- **WHAT TO WORK ON**
The full set of entries below must be returned exactly as shown.

BEGIN

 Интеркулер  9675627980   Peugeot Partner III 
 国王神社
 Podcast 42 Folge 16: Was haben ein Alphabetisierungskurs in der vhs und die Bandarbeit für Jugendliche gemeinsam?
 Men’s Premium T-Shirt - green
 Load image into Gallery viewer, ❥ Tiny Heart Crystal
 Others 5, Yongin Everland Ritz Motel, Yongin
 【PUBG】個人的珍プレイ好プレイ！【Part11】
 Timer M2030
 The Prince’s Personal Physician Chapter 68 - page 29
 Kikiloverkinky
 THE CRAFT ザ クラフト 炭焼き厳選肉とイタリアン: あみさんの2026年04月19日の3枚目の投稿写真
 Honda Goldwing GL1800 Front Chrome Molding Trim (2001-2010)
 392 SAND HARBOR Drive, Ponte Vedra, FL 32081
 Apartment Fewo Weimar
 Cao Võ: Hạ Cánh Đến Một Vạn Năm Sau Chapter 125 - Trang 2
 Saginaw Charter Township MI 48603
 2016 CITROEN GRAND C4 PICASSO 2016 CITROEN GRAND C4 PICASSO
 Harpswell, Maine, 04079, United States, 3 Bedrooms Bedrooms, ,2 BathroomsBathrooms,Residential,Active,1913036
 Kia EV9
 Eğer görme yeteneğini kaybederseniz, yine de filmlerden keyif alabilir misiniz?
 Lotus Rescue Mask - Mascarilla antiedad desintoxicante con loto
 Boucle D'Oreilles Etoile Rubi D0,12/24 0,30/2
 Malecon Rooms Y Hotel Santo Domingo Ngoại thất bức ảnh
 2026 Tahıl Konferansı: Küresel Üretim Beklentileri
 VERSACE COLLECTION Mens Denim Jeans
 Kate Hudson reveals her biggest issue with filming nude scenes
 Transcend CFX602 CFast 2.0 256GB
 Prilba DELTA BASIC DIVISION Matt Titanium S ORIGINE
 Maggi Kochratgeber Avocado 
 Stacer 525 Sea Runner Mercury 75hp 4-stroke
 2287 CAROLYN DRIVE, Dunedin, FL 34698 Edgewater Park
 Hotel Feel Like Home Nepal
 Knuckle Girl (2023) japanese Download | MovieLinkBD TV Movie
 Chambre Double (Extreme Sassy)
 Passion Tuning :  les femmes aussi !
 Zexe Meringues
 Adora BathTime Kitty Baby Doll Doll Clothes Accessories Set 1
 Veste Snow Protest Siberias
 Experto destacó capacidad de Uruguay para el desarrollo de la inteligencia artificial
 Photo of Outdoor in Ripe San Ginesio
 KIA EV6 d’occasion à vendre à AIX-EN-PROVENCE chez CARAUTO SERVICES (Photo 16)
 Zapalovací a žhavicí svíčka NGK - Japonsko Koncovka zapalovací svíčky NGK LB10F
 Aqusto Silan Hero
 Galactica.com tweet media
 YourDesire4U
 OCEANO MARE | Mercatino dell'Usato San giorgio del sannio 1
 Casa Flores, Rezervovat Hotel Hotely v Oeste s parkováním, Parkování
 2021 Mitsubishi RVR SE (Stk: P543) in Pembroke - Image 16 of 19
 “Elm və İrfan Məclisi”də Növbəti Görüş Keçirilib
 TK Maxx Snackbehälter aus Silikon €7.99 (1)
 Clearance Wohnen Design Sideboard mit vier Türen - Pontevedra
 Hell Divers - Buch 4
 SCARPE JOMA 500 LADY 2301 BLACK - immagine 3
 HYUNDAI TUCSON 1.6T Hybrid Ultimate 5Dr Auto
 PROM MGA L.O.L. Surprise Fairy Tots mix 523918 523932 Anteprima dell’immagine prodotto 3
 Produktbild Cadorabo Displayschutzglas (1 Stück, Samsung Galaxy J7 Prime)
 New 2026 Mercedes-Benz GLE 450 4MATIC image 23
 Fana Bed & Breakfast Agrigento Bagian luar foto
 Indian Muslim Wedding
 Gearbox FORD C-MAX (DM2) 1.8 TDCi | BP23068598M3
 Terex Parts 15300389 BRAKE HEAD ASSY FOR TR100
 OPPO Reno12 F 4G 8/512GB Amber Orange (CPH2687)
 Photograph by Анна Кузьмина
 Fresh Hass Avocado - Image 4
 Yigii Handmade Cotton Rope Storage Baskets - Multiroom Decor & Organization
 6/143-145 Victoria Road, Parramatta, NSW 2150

END

- **FINISHED TASK**
 Интеркулер  9675627980   Peugeot Partner III 
 国王神社
 Podcast 42 Folge 16: Was haben ein Alphabetisierungskurs in der vhs und die Bandarbeit für Jugendliche gemeinsam?
 Men’s Premium T-Shirt - green
 Load image into Gallery viewer, ❥ Tiny Heart Crystal
 Others 5, Yongin Everland Ritz Motel, Yongin
 【PUBG】個人的珍プレイ好プレイ！【Part11】
 Timer M2030
 The Prince’s Personal Physician Chapter 68 - page 29
 Kikiloverkinky
 THE CRAFT ザ クラフト 炭焼き厳選肉とイタリアン: あみさんの2026年04月19日の3枚目の投稿写真
 Honda Goldwing GL1800 Front Chrome Molding Trim (2001-2010)
 392 SAND HARBOR Drive, Ponte Vedra, FL 32081
 Apartment Fewo Weimar
 Cao Võ: Hạ Cánh Đến Một Vạn Năm Sau Chapter 125 - Trang 2
 Saginaw Charter Township MI 48603
 2016 CITROEN GRAND C4 PICASSO 2016 CITROEN GRAND C4 PICASSO
 Harpswell, Maine, 04079, United States, 3 Bedrooms Bedrooms, ,2 BathroomsBathrooms,Residential,Active,1913036
 Kia EV9
 Eğer görme yeteneğini kaybederseniz, yine de filmlerden keyif alabilir misiniz?
 Lotus Rescue Mask - Mascarilla antiedad desintoxicante con loto
 Boucle D'Oreilles Etoile Rubi D0,12/24 0,30/2
 Malecon Rooms Y Hotel Santo Domingo Ngoại thất bức ảnh
 2026 Tahıl Konferansı: Küresel Üretim Beklentileri
 VERSACE COLLECTION Mens Denim Jeans
 Kate Hudson reveals her biggest issue with filming nude scenes
 Transcend CFX602 CFast 2.0 256GB
 Prilba DELTA BASIC DIVISION Matt Titanium S ORIGINE
 Maggi Kochratgeber Avocado 
 Stacer 525 Sea Runner Mercury 75hp 4-stroke
 2287 CAROLYN DRIVE, Dunedin, FL 34698 Edgewater Park
 Hotel Feel Like Home Nepal
 Knuckle Girl (2023) japanese Download | MovieLinkBD TV Movie
 Chambre Double (Extreme Sassy)
 Passion Tuning :  les femmes aussi !
 Zexe Meringues
 Adora BathTime Kitty Baby Doll Doll Clothes Accessories Set 1
 Veste Snow Protest Siberias
 Experto destacó capacidad de Uruguay para el desarrollo de la inteligencia artificial
 Photo of Outdoor in Ripe San Ginesio
 KIA EV6 d’occasion à vendre à AIX-EN-PROVENCE chez CARAUTO SERVICES (Photo 16)
 Zapalovací a žhavicí svíčka NGK - Japonsko Koncovka zapalovací svíčky NGK LB10F
 Aqusto Silan Hero
 Galactica.com tweet media
 YourDesire4U
 OCEANO MARE | Mercatino dell'Usato San giorgio del sannio 1
 Casa Flores, Rezervovat Hotel Hotely v Oeste s parkováním, Parkování
 2021 Mitsubishi RVR SE (Stk: P543) in Pembroke - Image 16 of 19
 “Elm və İrfan Məclisi”də Növbəti Görüş Keçirilib
 TK Maxx Snackbehälter aus Silikon €7.99 (1)
 Clearance Wohnen Design Sideboard mit vier Türen - Pontevedra
 Hell Divers - Buch 4
 SCARPE JOMA 500 LADY 2301 BLACK - immagine 3
 HYUNDAI TUCSON 1.6T Hybrid Ultimate 5Dr Auto
 PROM MGA L.O.L. Surprise Fairy Tots mix 523918 523932 Anteprima dell’immagine prodotto 3
 Produktbild Cadorabo Displayschutzglas (1 Stück, Samsung Galaxy J7 Prime)
 New 2026 Mercedes-Benz GLE 450 4MATIC image 23
 Fana Bed & Breakfast Agrigento Bagian luar foto
 Indian Muslim Wedding
 Gearbox FORD C-MAX (DM2) 1.8 TDCi | BP23068598M3
 Terex Parts 15300389 BRAKE HEAD ASSY FOR TR100
 OPPO Reno12 F 4G 8/512GB Amber Orange (CPH2687)
 Photograph by Анна Кузьмина
 Fresh Hass Avocado - Image 4
 Yigii Handmade Cotton Rope Storage Baskets - Multiroom Decor & Organization
 6/143-145 Victoria Road, Parramatta, NSW 2150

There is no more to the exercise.